If given a non-integer numeric argument, Postgres
will try to convert that argument to an integer for evaluation of the
factorial.
tgl=> select (4.3 !);
?column?
----------
24
(1 row)
Of course, this leads to a mathematically suspect result,
since in principle the factorial of a non-integer is not defined.
However, the role of a database is not to teach mathematics, but
to be a tool for data manipulation. If a user chooses to take the
factorial of a floating point number, Postgres
will try to oblige.
Functions
Function Evaluation
Check for an exact match in the pg_proc system catalog.
Look for the best match.
Make a list of all functions of the same name with the same number of arguments.
If only one function is in the list, use it if the input types can be coerced,
and throw an error if the types cannot be coerced.
Keep all functions with the most explicit matches for types.
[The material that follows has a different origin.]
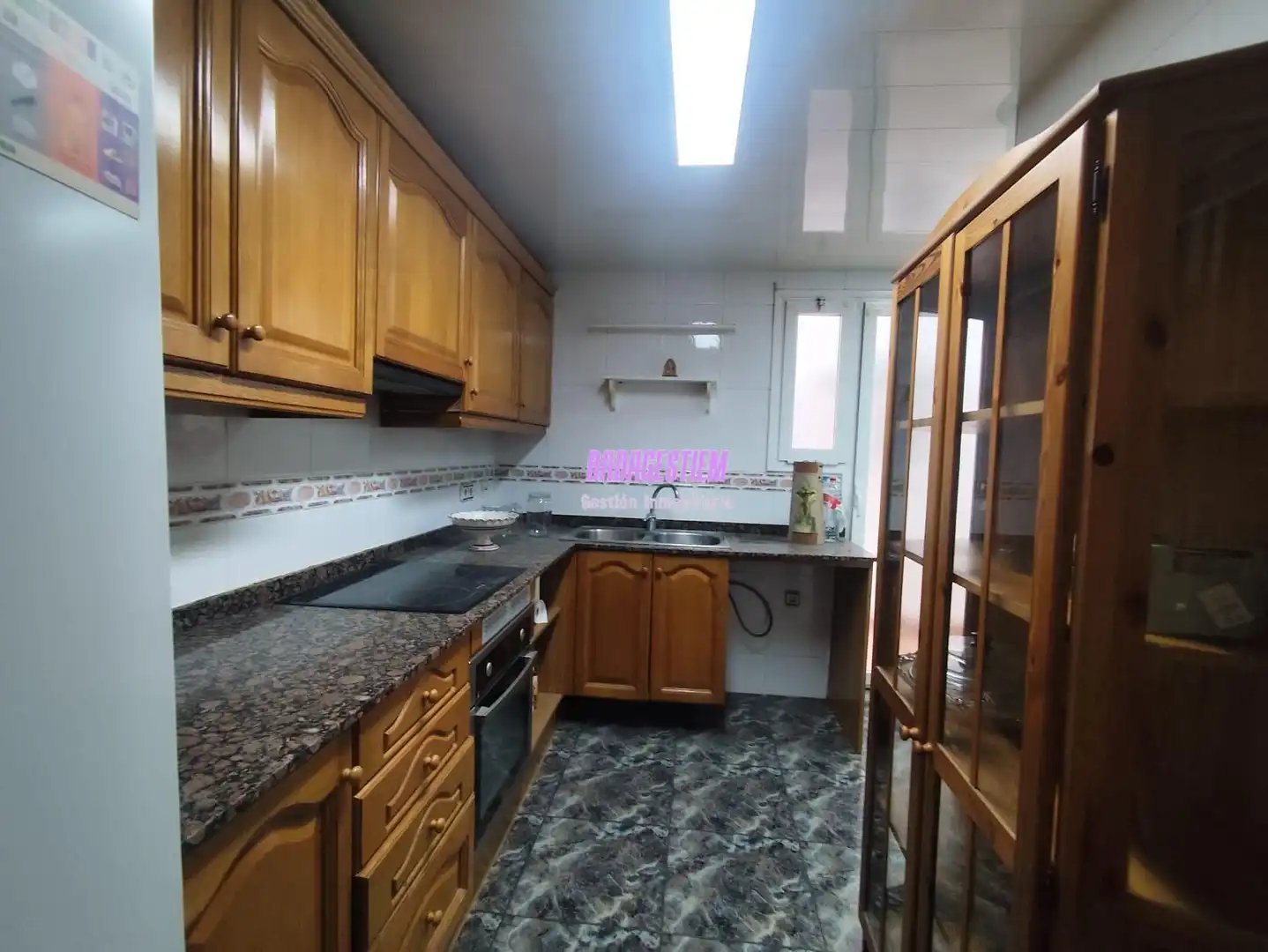 Cocina de Piso en venta en Santa Coloma de Gramenet con Calefacción, Terraza y Balcón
Keep all if there
are no explicit matches and move to the next step.
If only one candidate remains, use it if the type can be coerced.
If any input arguments are "unknown", categorize the input candidate arguments as
boolean, numeric, string, geometric, or user-defined. If there is a mix of
categories, or more than one user-defined type, throw an error because
the correct choice cannot be deduced without more clues.
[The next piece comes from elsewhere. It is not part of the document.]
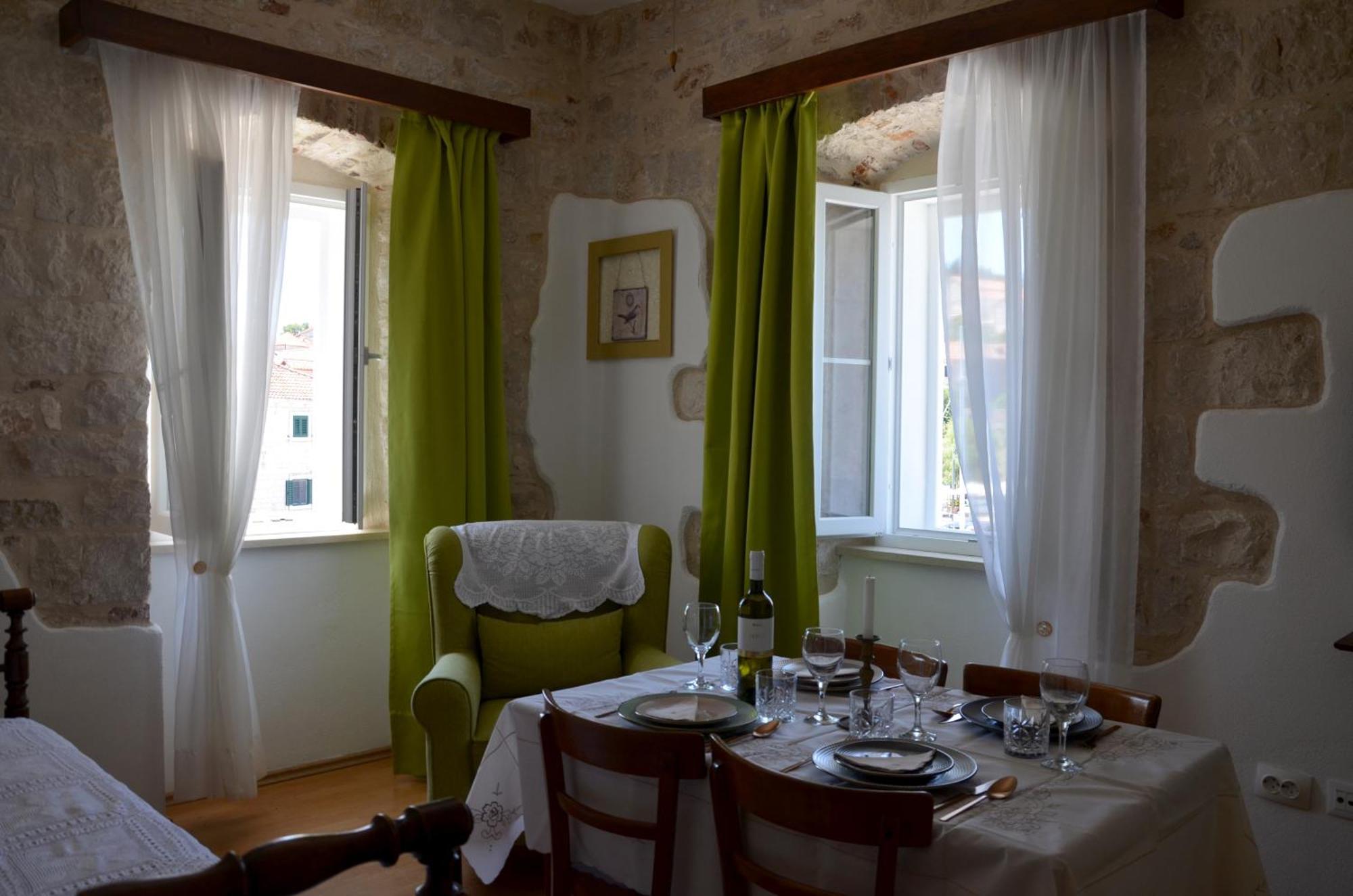 Castel Nonna Franka Apartment Sutivan Ngoại thất bức ảnh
If only one category is present, then assign the "preferred type"
to the input column which had been previously "unknown".
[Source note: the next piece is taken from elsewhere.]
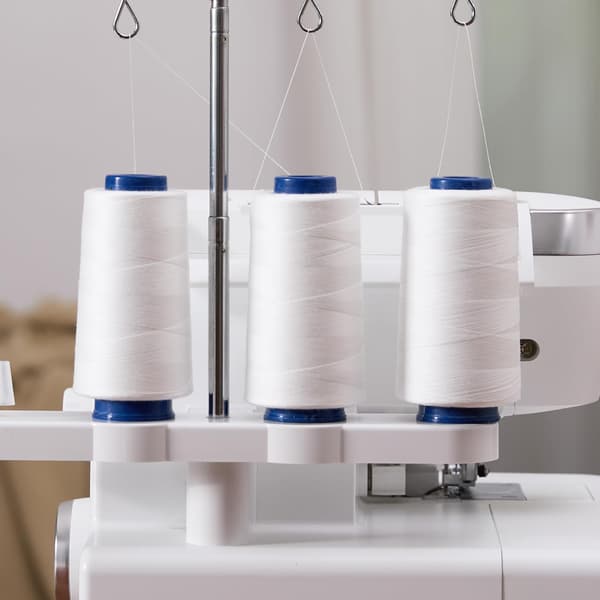 3-pak hvide overlock-trådruller 3000 yards 40S/2 polyester sytråd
Choose the candidate with the most exact type matches, and which matches
the "preferred type" for each column category from the previous step.
If there is still more than one candidate, or if there are none,
then throw an error.
Examples
Factorial Function
There is only one factorial function defined in the pg_proc catalog.
So the following query automatically converts the int2 argument
to int4:
tgl=> select int4fac(int2 '4');
int4fac
---------
24
(1 row)
and is actually transformed by the parser to
tgl=> select int4fac(int4(int2 '4'));
int4fac
---------
24
(1 row)
Substring Function
There are two substr functions declared in pg_proc. However,
only one takes two arguments, of types text and int4.
If called with a string constant of unspecified type, the type is matched up
directly with the only candidate function type:
tgl=> select substr('1234', 3);
substr
--------
34
(1 row)
If the string is declared to be of type varchar, as might be the case
if it comes from a table, then the parser will try to coerce it to become text:
tgl=> select substr(varchar '1234', 3);
substr
--------
34
(1 row)
which is transformed by the parser to become
tgl=> select substr(text(varchar '1234'), 3);
substr
--------
34
(1 row)
There are some heuristics in the parser to optimize the relationship between the
char, varchar, and text types.
For this case, substr is called directly with the varchar string
rather than inserting an explicit conversion call.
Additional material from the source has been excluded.